Given entries:
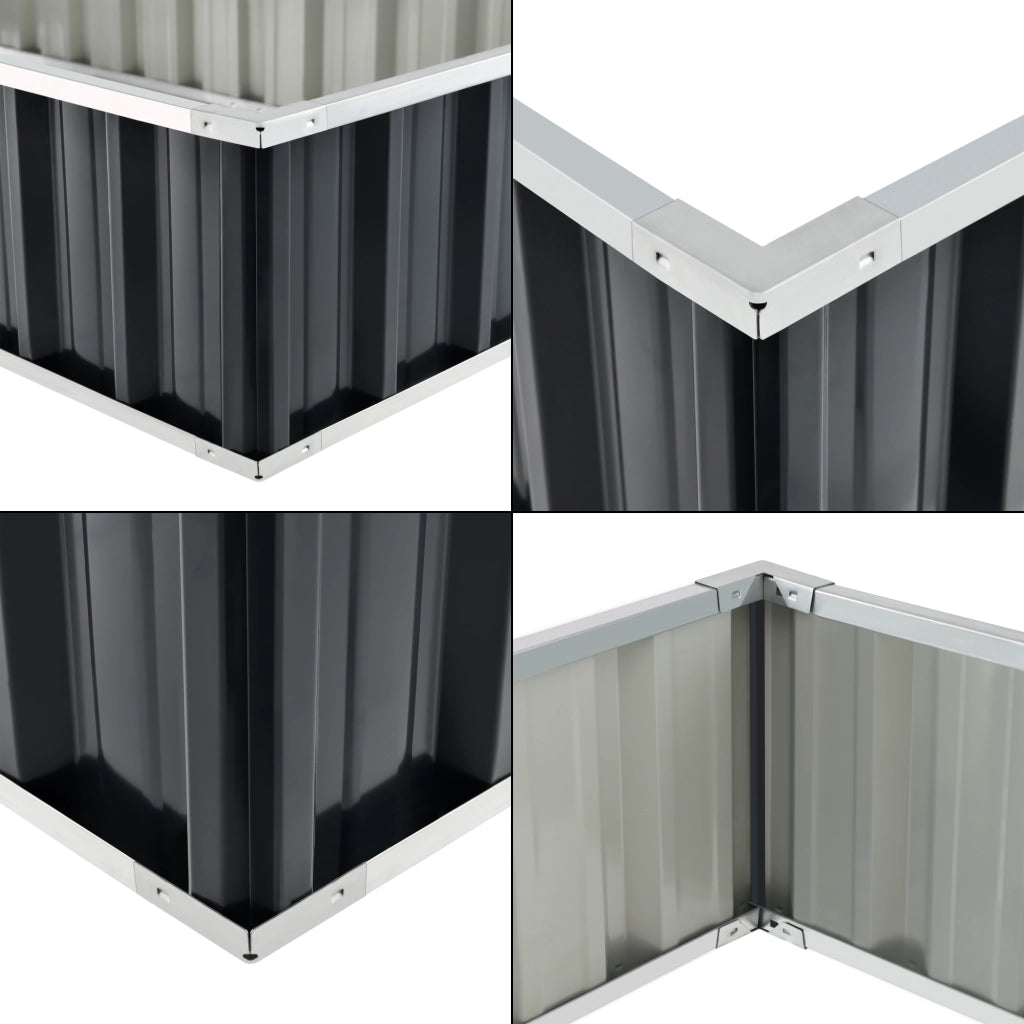 Aiuola Rialzata Zevenaar Bordatura Rettangolare in Acciaio Zincato 90x90x30 cm - Antracite [en.casa]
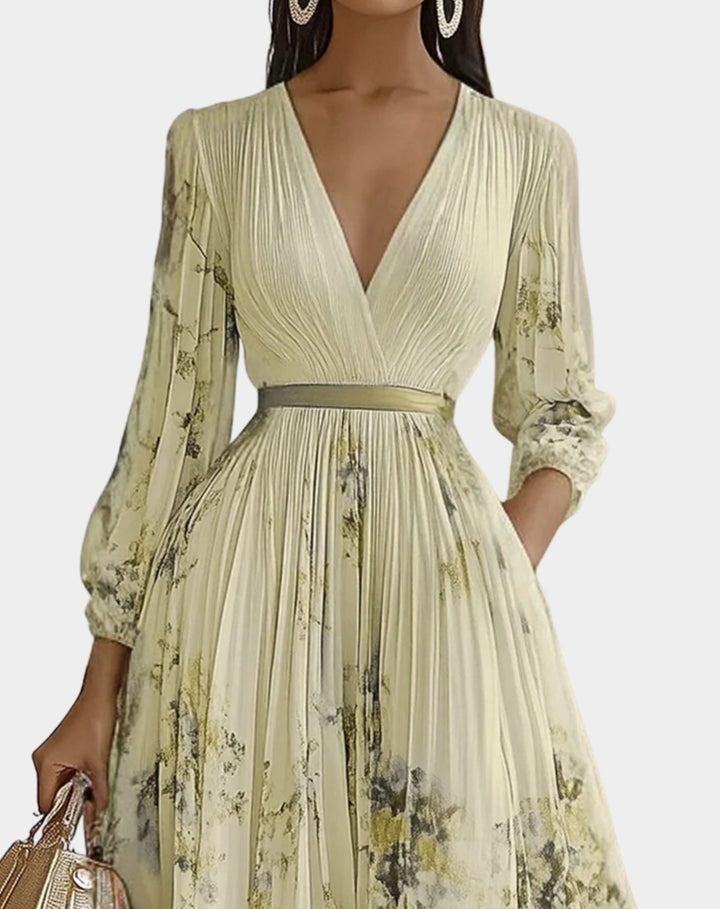 Women's V-Neck Pleated Floral Midi Dress Ribbon Tie Waist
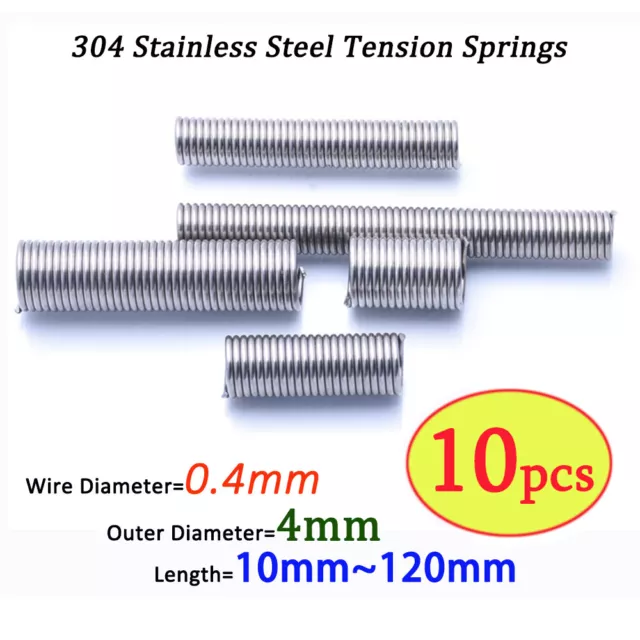 10pcs Stainless Steel Tension Spring 0.4mm Extension Spring Pipe Hookless Ring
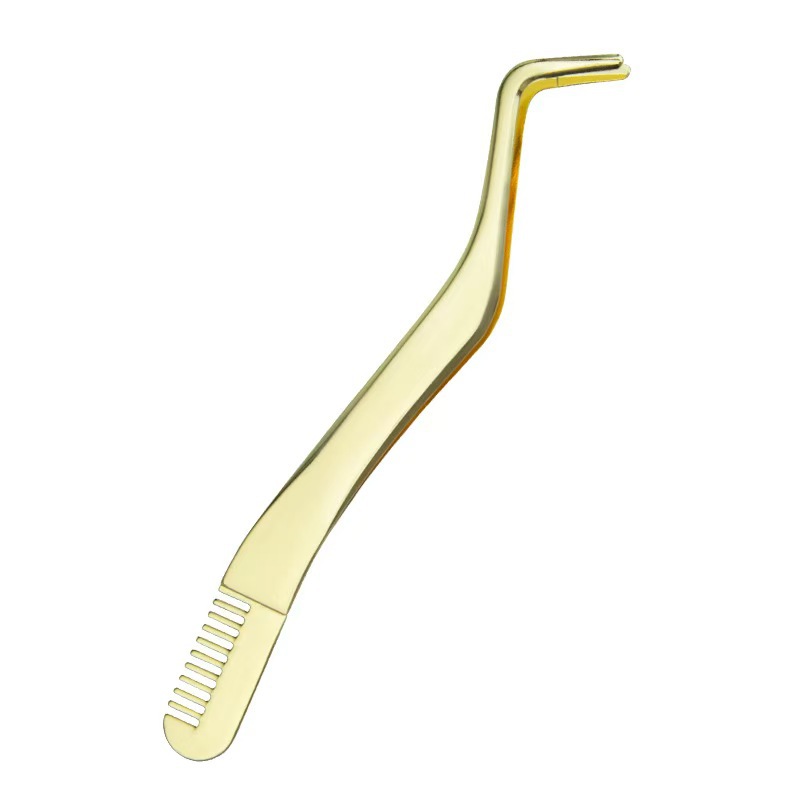 En stock de acero inoxidable nueva ayuda de pestañas con peine de injerto pestañas postizas pinzas con pestañas postizas herramientas de belleza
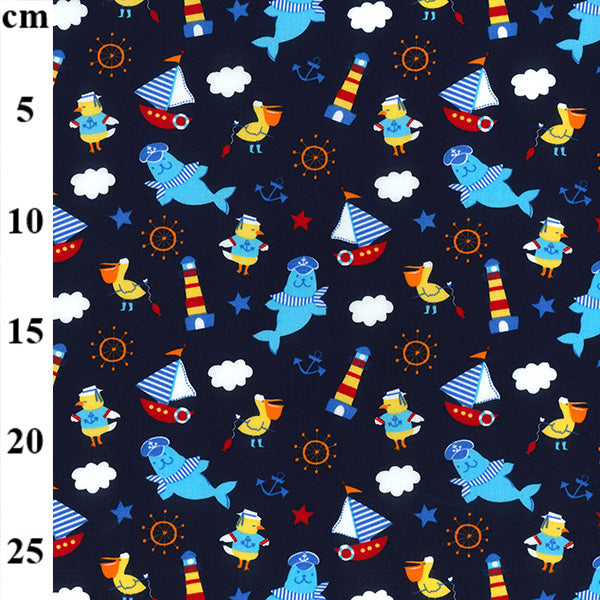 Hello Sailor Nautical Theme 100% cotton fabric by half metre | 112cm wide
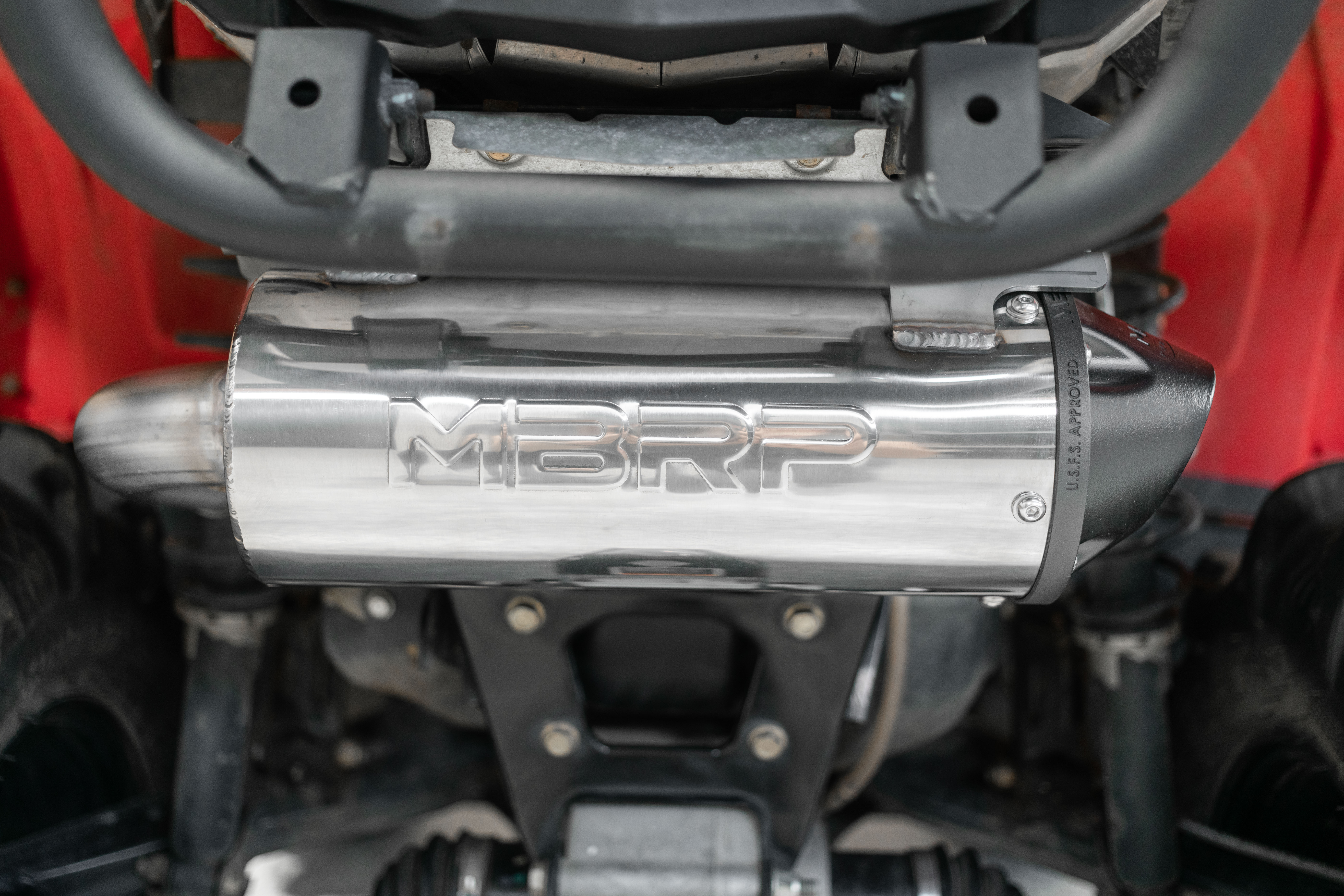 MBRP AT-9214PT Single Slip-On System with 5-Inch Performance Muffler for Can-Am Outlander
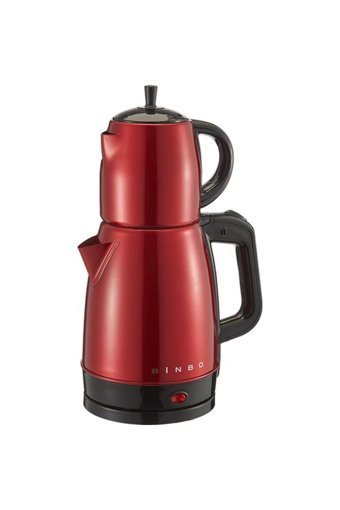 Sinbo STM 5832 Otomatik Porselen Demlikli 1600 W Işıklı Çelik Gövdeli Kırmızı Retro Çay Makinesi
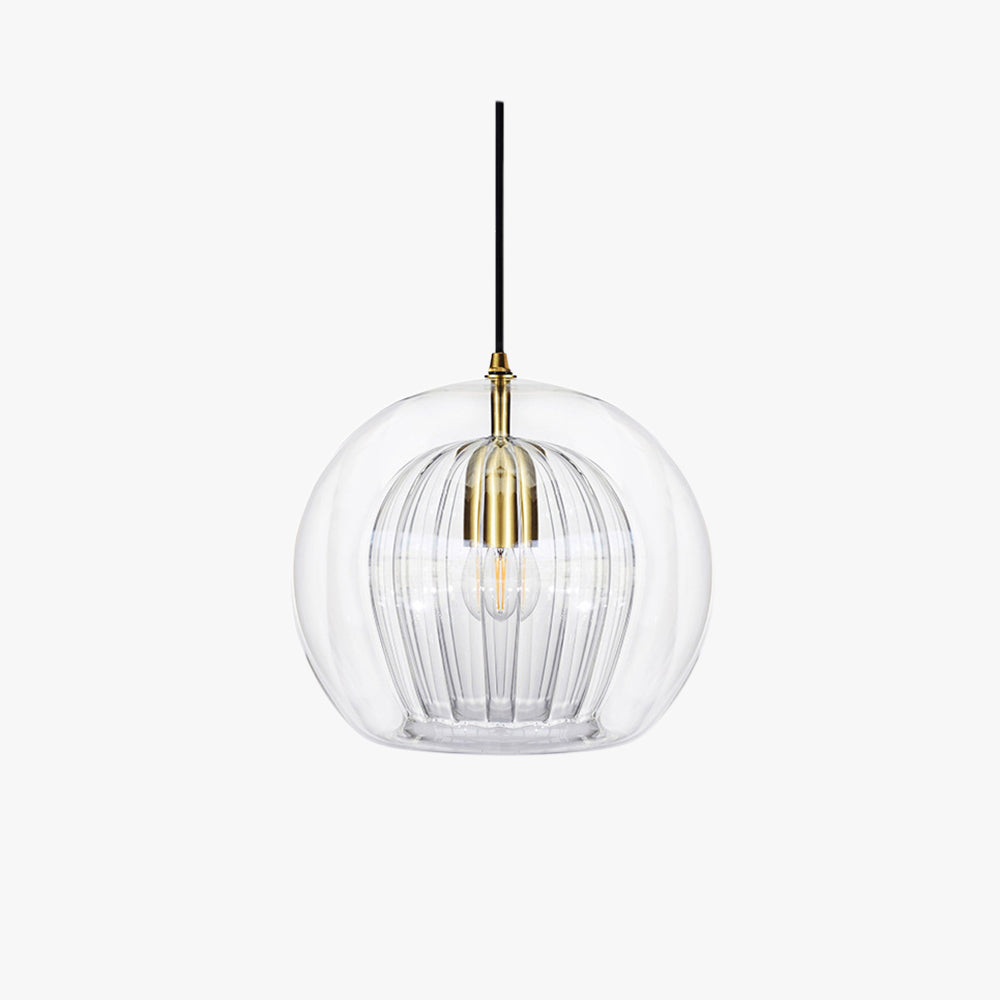 Glass Globe Pendant Light Clear & Amber | Kitchen Pendant Lighting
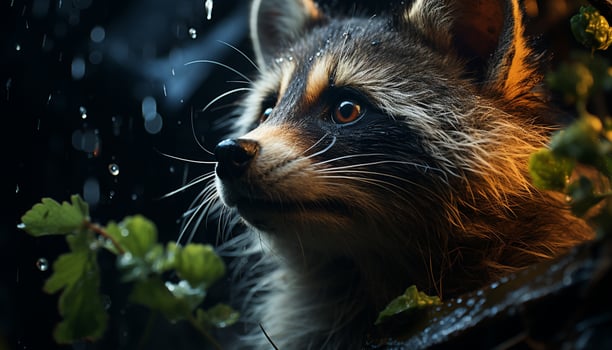 AI generated Cute raccoon looking at camera in nature generated by AI photo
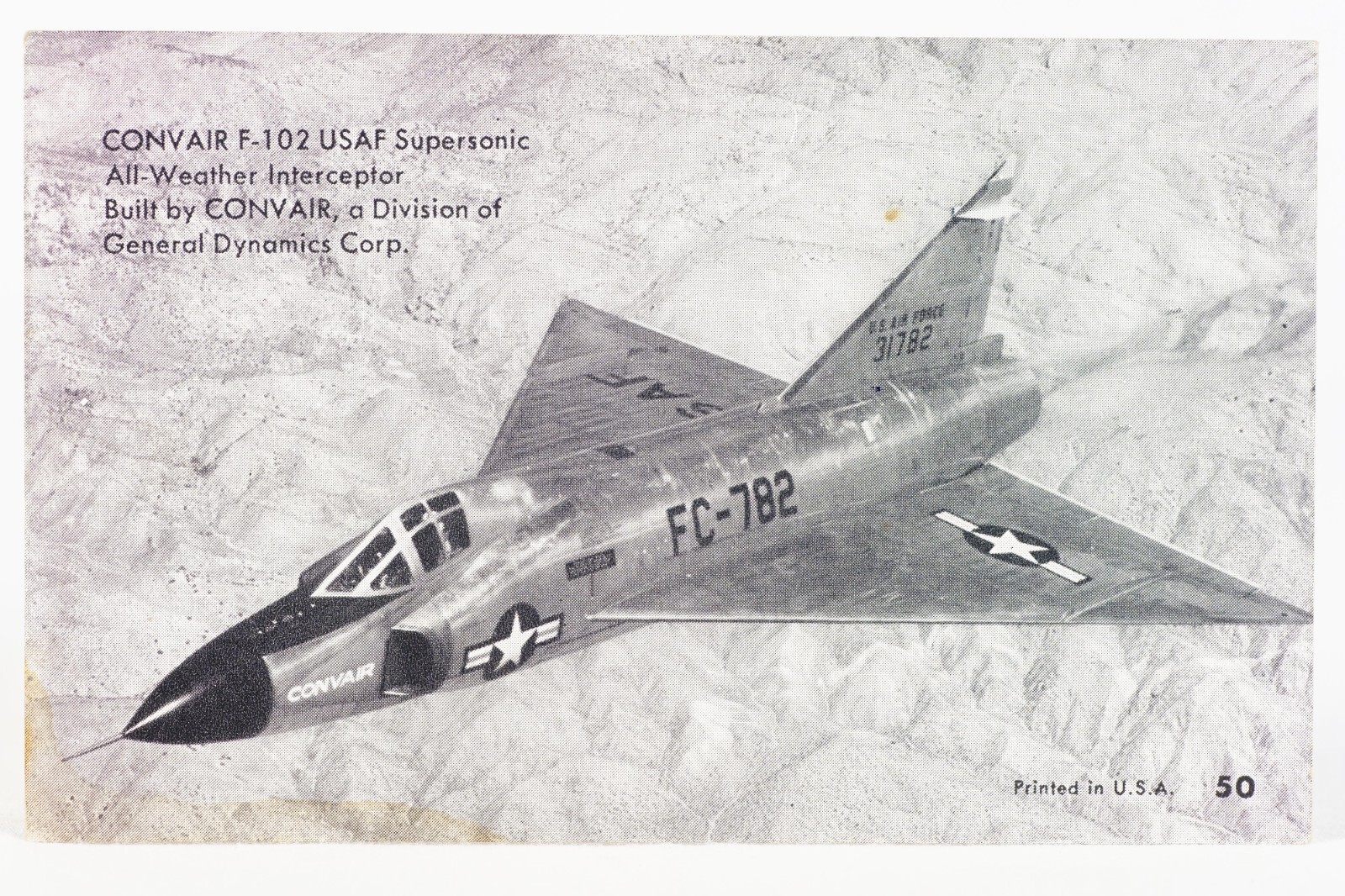 Convair F-102 USAF Supersonic Jet 1955 Exhibit Supply Co Military Planes Card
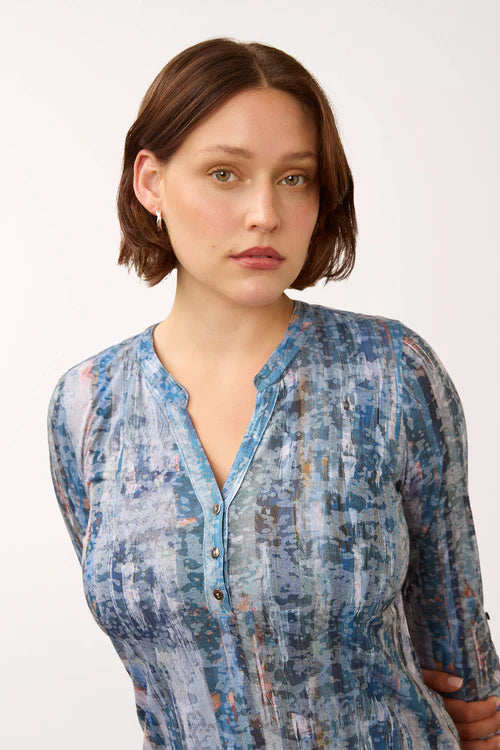 3/4 Sleeve Henley Top
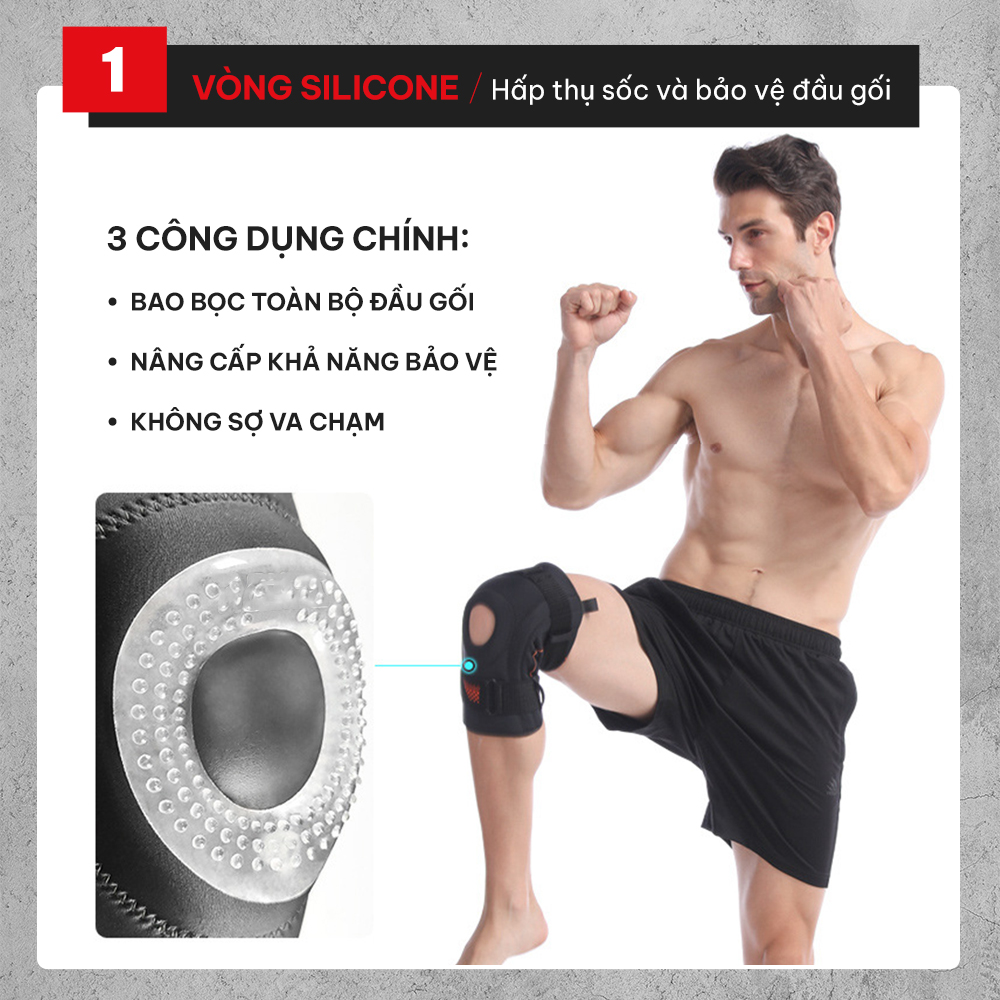 Đai bảo vệ đầu gối cao cấp GoodFit GF525K giúp tránh chấn thương, dùng trong tập Gym, bóng chuyển, chạy bộ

Work required: Please reproduce exactly and only the lines from the first line of the records through the line containing "Glass Globe Pendant", both included, omitting any pictures.

Reply to the task:
 Aiuola Rialzata Zevenaar Bordatura Rettangolare in Acciaio Zincato 90x90x30 cm - Antracite [en.casa]
 Women's V-Neck Pleated Floral Midi Dress Ribbon Tie Waist
 10pcs Stainless Steel Tension Spring 0.4mm Extension Spring Pipe Hookless Ring
 En stock de acero inoxidable nueva ayuda de pestañas con peine de injerto pestañas postizas pinzas con pestañas postizas herramientas de belleza
 Hello Sailor Nautical Theme 100% cotton fabric by half metre | 112cm wide
 MBRP AT-9214PT Single Slip-On System with 5-Inch Performance Muffler for Can-Am Outlander
 Sinbo STM 5832 Otomatik Porselen Demlikli 1600 W Işıklı Çelik Gövdeli Kırmızı Retro Çay Makinesi
 Glass Globe Pendant Light Clear & Amber | Kitchen Pendant Lighting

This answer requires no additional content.